Theophilus Gould Steward
Theophilus Gould Steward
|Born||April 17, 1843|
Gouldtown, New Jersey, United States
|Died||January 11, 1924 (aged 80)|
Wilberforce, Ohio, United States
Gouldtown Memorial Park
Gouldtown, Cumberland, New Jersey
|Service/||United States Army|
|Unit||25th U.S. Colored Infantry|
|Relations||Dr. Susan Smith McKinney (wife)|
|Other work||Author, educator, clergyman|
Life and career
Steward was born to James Steward and Rebecca Gould in Gouldtown, New Jersey. The son of free Blacks reared in a family that stressed education, he received his formal education in the Gouldtown public schools.
Steward was ordained a minister in the African Methodist Episcopal Church in 1863. Following the Civil War, Steward helped organize the A.M.E. Church in South Carolina and Georgia. He was also active in Reconstruction politics in Georgia. Steward moved from South Carolina to pastor the AME church in Macon, Georgia March 17, 1868. After the church was burned in a mysterious fire, he literally and figuratively built a new AME church. The cornerstone was laid January 16, 1870 in the presence of 2,000 black Maconites.

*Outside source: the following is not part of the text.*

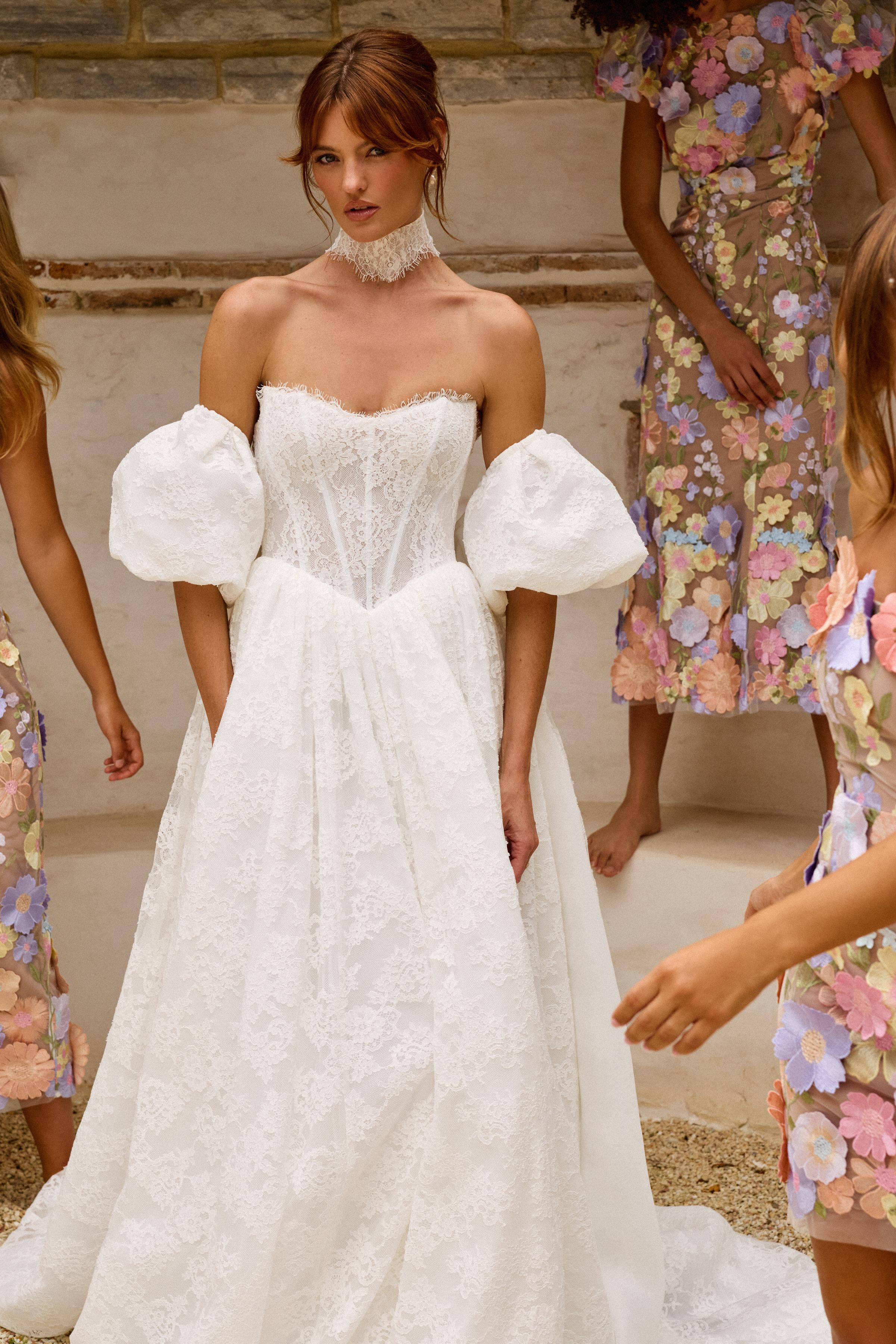 Made with Love collection look 4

After the war he graduated from the Episcopal Divinity School of Philadelphia, and later was awarded a Doctor of Divinity degree from Wilberforce University in Wilberforce, Ohio, in 1881.
From 1872 to 1891 Steward established a church in Haiti and preached in the eastern United States. In 1891 he joined the 25th U.S. Colored Infantry, serving as its chaplain until 1907, including service in Cuba during the Spanish–American War, and in the Philippines. He was a participant in the March 5, 1897 meeting to celebrate the memory of Frederick Douglass which founded the American Negro Academy led by Alexander Crummell. From the founding of the organization until his death in 1924, Steward remained active among the scholars, editors, and activists of this first major African American learned society, refuting racist scholarship, promoting black claims to individual, social, and political equality, and studying the history and sociology of African American life. Between 1907 and his death on January 11, 1924, Steward was a professor of history, French, and logic at Wilberforce University.

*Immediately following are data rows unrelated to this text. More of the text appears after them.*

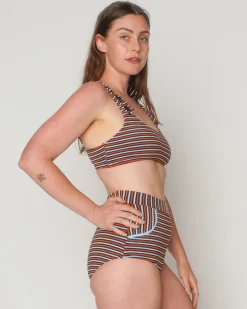 Georgia Bikini Top - Miles
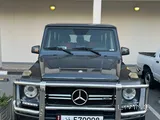 G55 AMG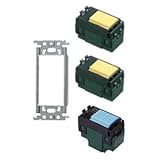 wt3700-041 パナソニック コスモシリーズワイド21 配線器具 スイッチ金属取付枠 (WT3700)スイッチセット 041
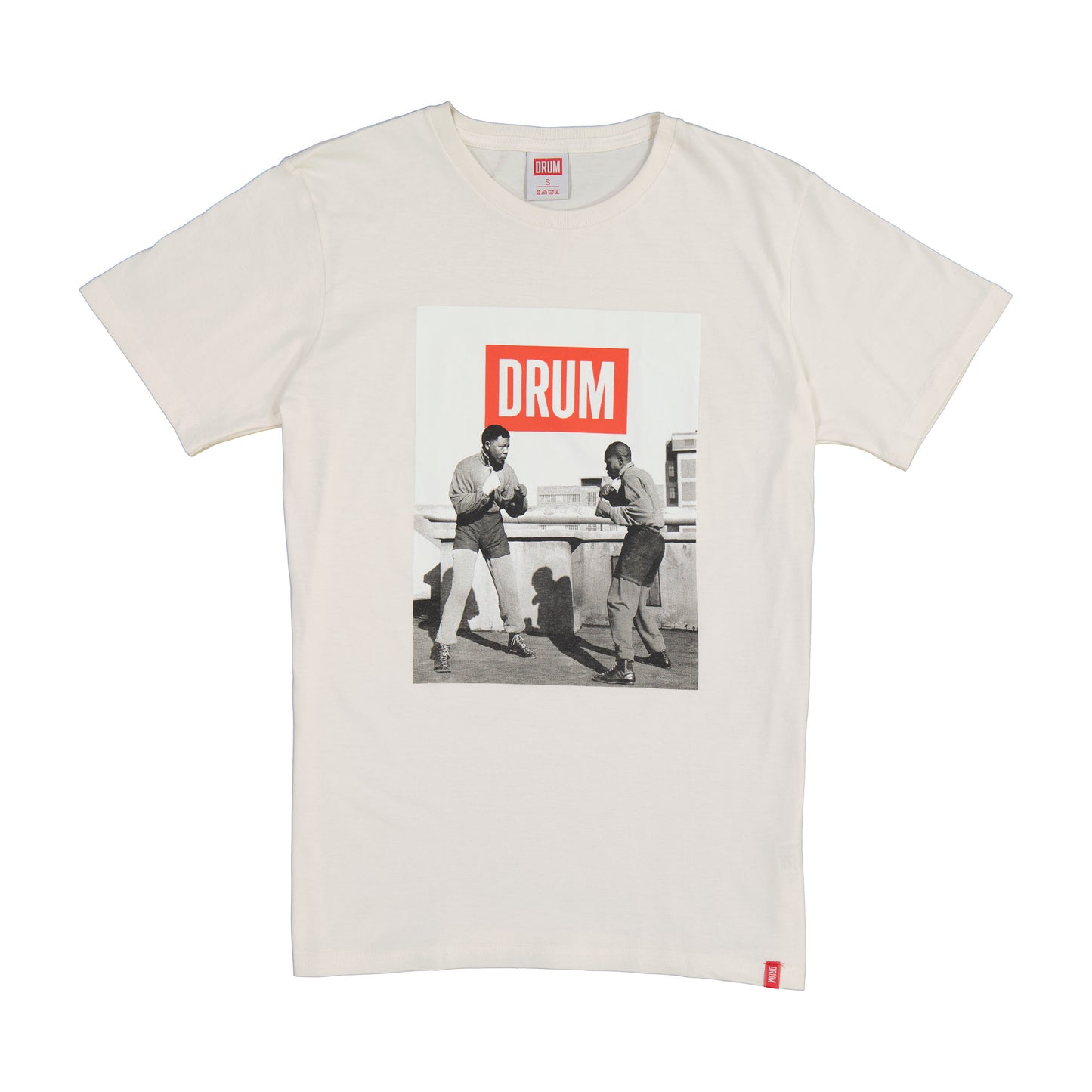 Mandela Boxer – Men & Unisex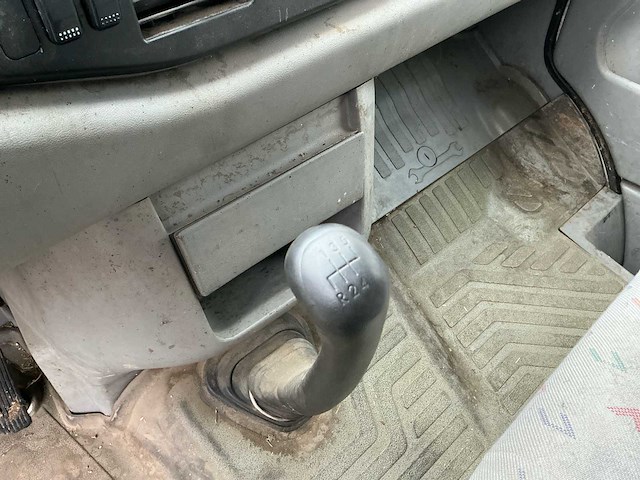 Volkswagen - lt - 46a 2.5 tdi lang dc - bedrijfswagen - afbeelding 10 van  28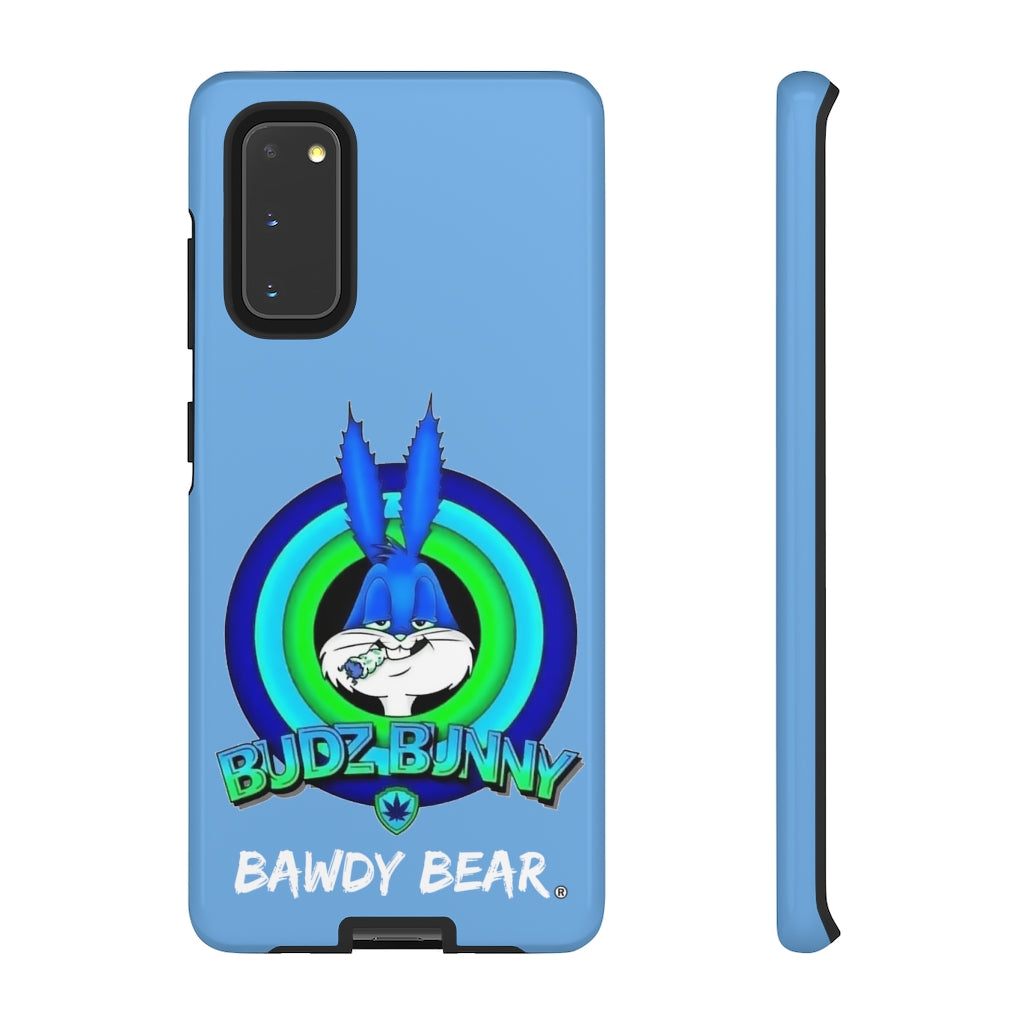 Budz Bunny / Tough Cases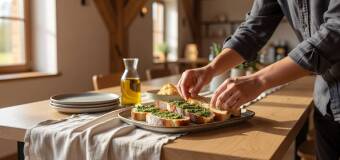 Jak dobrać menu podkarpackie do wesela, chrzcin i komunii bez utraty regionalnego charakteru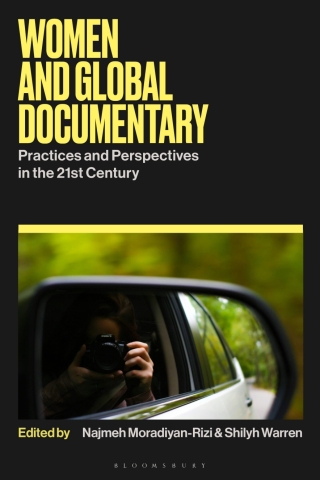 Imagen de portada: Women and Global Documentary 1st edition 9781350422896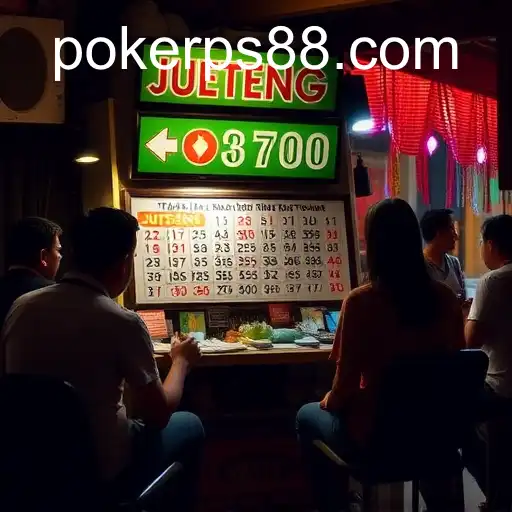 Jueteng: An In-Depth Examination of a Cultural and Socio-Political Phenomenon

Steward was married to Elizabeth Gadsden (d. 1893) with whom he had eight sons: Frank Rudolph (b. 1872; Stephen Hunter (b. 1874), Theophilus Bolden (b. 1879), Charles, James, Benjamin, Walter, and Gustavus (b. 1883). His second wife was Dr. Susan Smith McKinney, the third African-American physician in the United States. He was a cousin to African Methodist Episcopal Church (AME) bishop Benjamin F. Lee.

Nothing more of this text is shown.